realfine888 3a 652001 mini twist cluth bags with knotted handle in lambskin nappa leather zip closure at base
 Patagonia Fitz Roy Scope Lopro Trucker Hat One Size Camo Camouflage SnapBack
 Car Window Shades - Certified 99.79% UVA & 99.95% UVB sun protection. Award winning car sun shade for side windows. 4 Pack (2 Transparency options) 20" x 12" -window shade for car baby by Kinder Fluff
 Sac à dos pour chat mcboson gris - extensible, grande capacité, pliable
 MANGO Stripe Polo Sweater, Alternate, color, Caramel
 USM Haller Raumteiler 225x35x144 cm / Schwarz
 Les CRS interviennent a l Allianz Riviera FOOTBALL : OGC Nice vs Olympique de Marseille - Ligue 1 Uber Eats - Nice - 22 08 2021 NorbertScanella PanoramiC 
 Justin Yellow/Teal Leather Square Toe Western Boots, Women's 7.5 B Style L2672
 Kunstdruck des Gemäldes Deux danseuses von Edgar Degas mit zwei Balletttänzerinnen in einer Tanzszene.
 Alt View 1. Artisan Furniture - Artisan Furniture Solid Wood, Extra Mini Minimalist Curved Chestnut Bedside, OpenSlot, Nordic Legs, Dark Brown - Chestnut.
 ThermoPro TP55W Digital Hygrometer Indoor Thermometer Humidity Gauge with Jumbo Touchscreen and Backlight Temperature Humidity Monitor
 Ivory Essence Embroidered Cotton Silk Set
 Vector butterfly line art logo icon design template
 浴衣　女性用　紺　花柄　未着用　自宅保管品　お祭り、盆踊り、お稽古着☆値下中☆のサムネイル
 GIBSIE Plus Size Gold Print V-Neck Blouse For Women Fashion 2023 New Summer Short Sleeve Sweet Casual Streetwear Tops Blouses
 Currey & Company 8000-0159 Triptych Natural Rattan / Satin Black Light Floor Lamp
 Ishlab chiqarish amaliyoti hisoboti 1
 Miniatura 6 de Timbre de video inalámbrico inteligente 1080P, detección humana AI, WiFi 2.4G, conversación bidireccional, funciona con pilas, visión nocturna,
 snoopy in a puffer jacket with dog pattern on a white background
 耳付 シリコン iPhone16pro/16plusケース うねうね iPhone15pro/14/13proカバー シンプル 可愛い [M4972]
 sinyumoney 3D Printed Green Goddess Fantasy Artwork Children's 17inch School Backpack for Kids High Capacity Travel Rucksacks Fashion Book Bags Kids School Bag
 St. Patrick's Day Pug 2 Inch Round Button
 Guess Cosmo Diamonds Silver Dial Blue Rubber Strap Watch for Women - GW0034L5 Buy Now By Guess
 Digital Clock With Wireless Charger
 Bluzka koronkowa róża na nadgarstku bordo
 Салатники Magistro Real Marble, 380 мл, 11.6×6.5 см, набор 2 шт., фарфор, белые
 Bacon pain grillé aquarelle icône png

▬▬▬▬▬▬▬▬▬▬

Requirement: Return each line of the listing that holds the word "Fashion".

Response box:
 GIBSIE Plus Size Gold Print V-Neck Blouse For Women Fashion 2023 New Summer Short Sleeve Sweet Casual Streetwear Tops Blouses
 sinyumoney 3D Printed Green Goddess Fantasy Artwork Children's 17inch School Backpack for Kids High Capacity Travel Rucksacks Fashion Book Bags Kids School Bag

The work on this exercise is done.